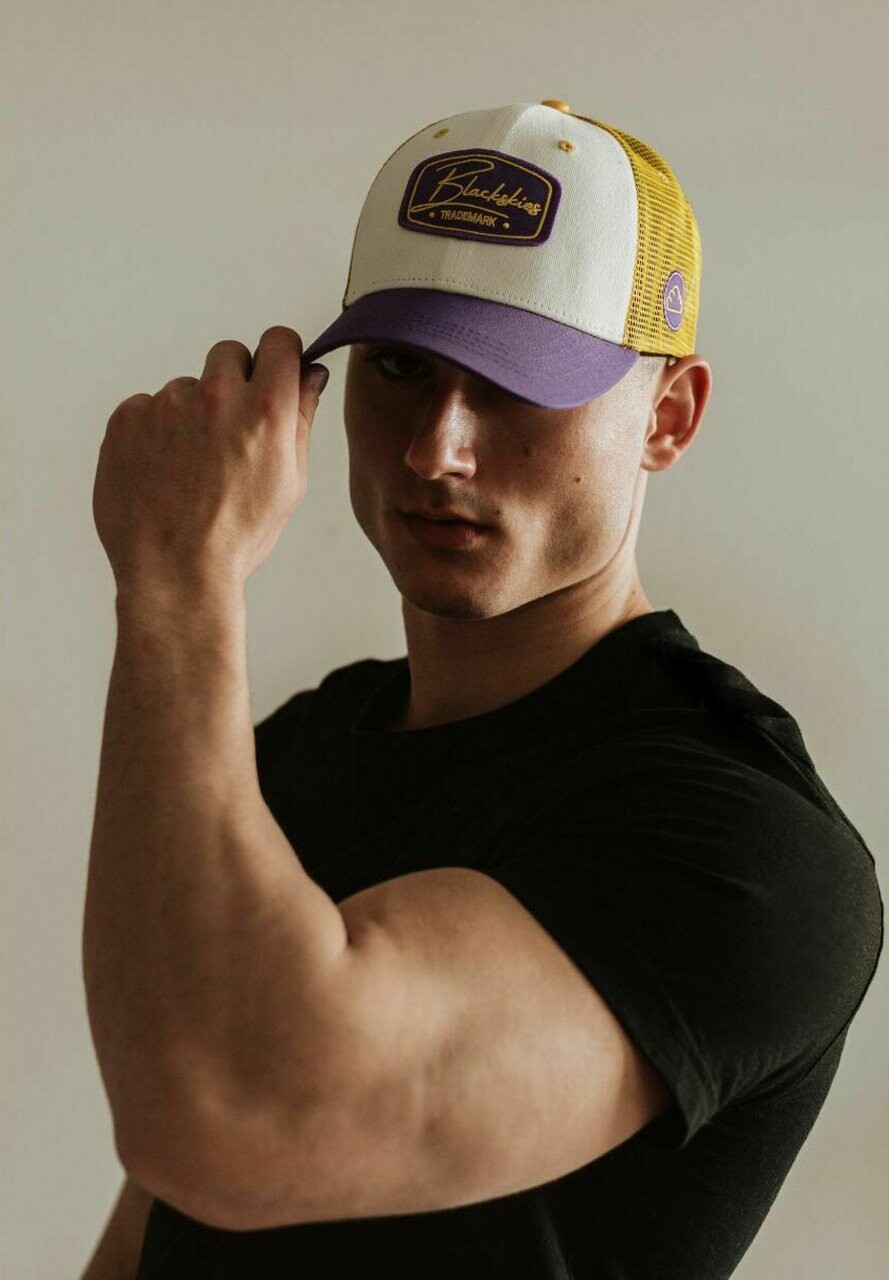 Бейсболка RAZOR BASEBALL Blackskies, цвет white yellow purple
Бейсболка RAZOR BASEBALL Blackskies, цвет white yellow purple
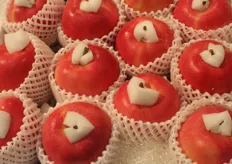 Queste mele giapponesi vengono presentate in confezioni regalo e servono per festeggiare compleanni e occasioni speciali. Ogni pezzo costa dai 3 ai 5 dollari!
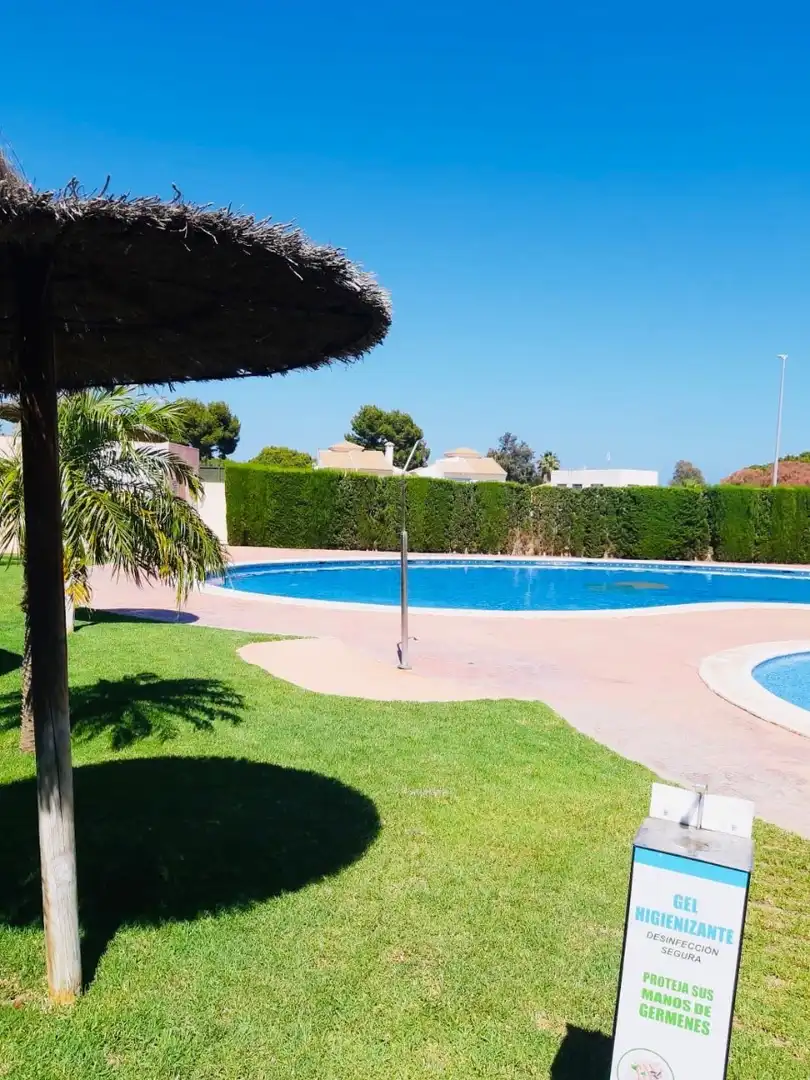 Piscina de Casa o chalet de alquiler en Orihuela con Aire acondicionado, Calefacción y Terraza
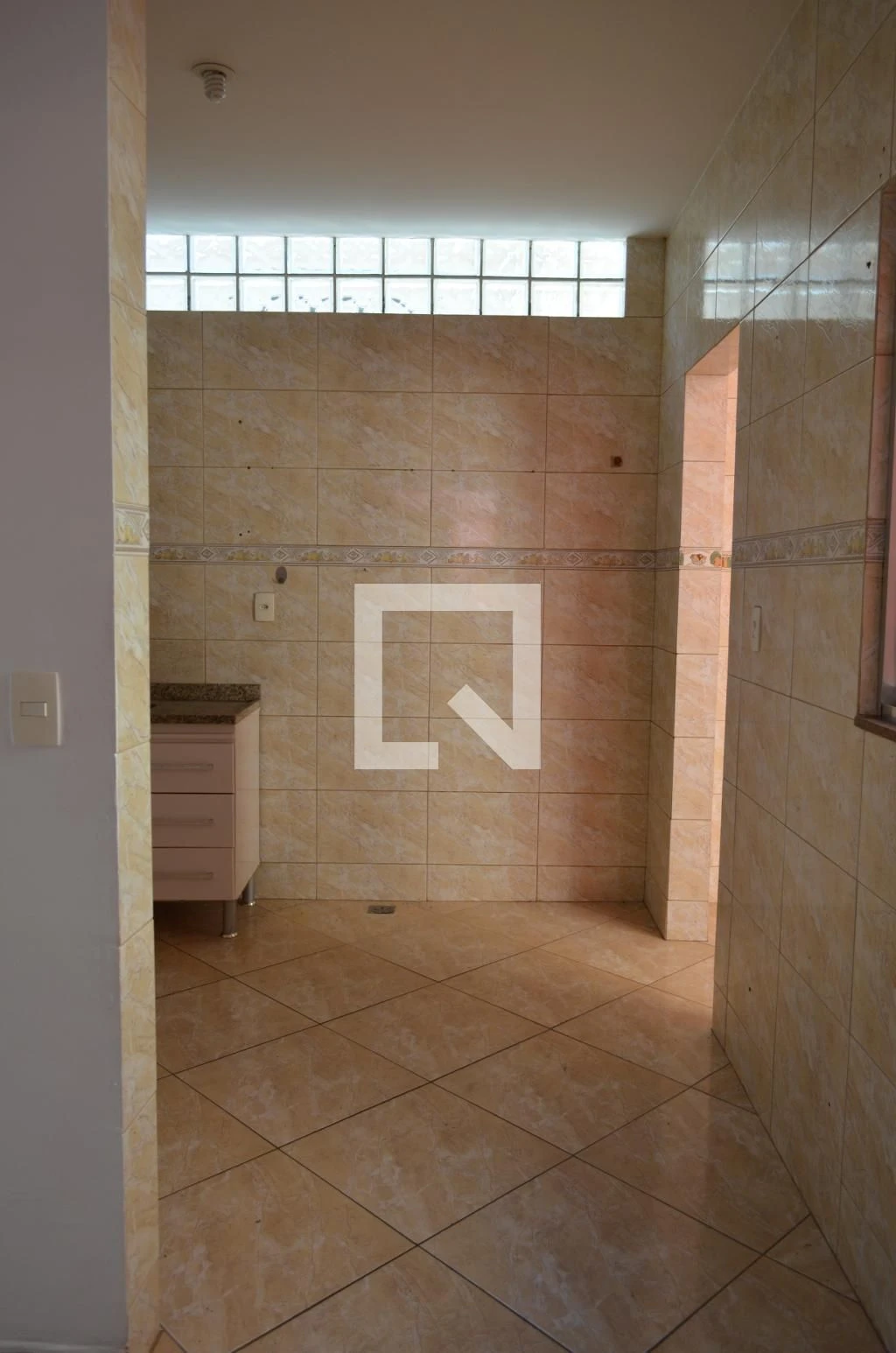 Unfurnished house with 2 bedrooms and private garden — photo 25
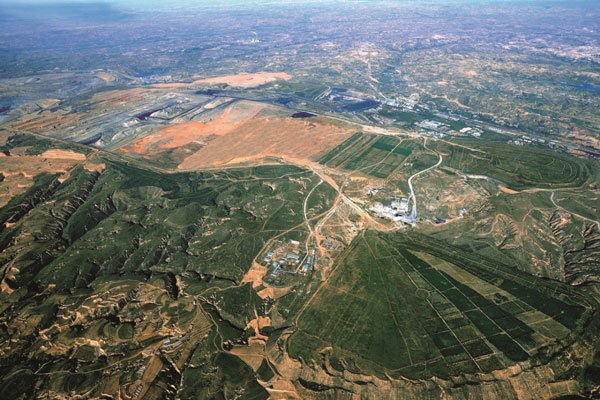 推動(dòng)綠色礦山建設(shè)，紅星破碎機(jī)廠家鼎力相助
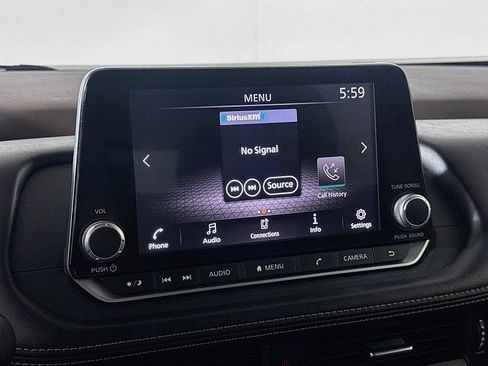 Used 2021 Nissan Rogue S FWD image 14
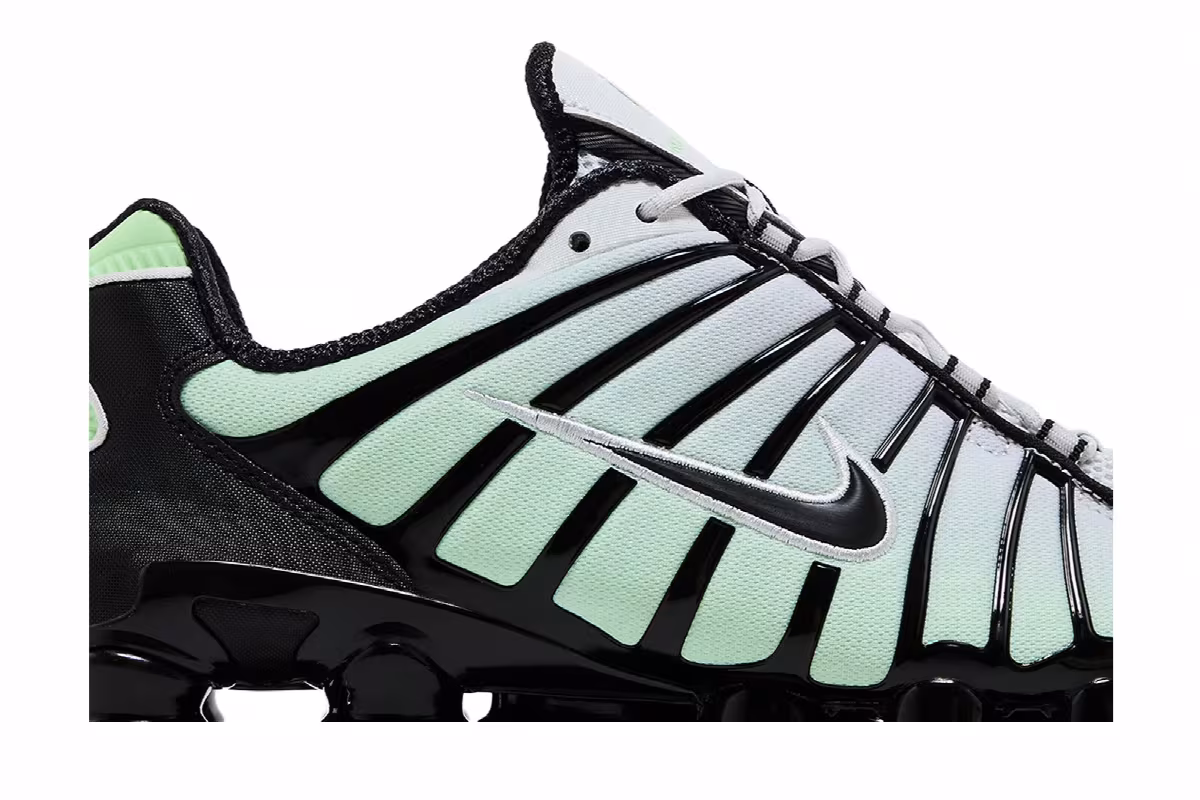 Nike Shox TL Vapor Green Black, view 3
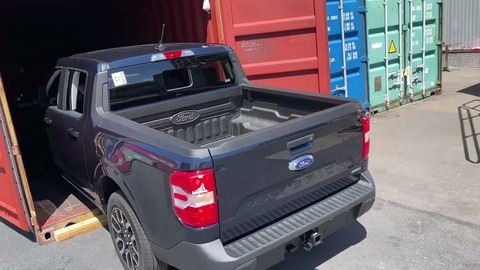 UNLOADING CONTAINER FORD MAVERICK AND NISSAN FRONTIER (BQ).jpg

-------------------------

» **Work request**: Give again, word for word, the line containing "Queste mele giapponesi" and every line after it to the end of the records; leave out the pictures.

» **Solution to this task**:
 Queste mele giapponesi vengono presentate in confezioni regalo e servono per festeggiare compleanni e occasioni speciali. Ogni pezzo costa dai 3 ai 5 dollari!
 Piscina de Casa o chalet de alquiler en Orihuela con Aire acondicionado, Calefacción y Terraza
 Unfurnished house with 2 bedrooms and private garden — photo 25
 推動(dòng)綠色礦山建設(shè)，紅星破碎機(jī)廠家鼎力相助
 Used 2021 Nissan Rogue S FWD image 14
 Nike Shox TL Vapor Green Black, view 3
 UNLOADING CONTAINER FORD MAVERICK AND NISSAN FRONTIER (BQ).jpg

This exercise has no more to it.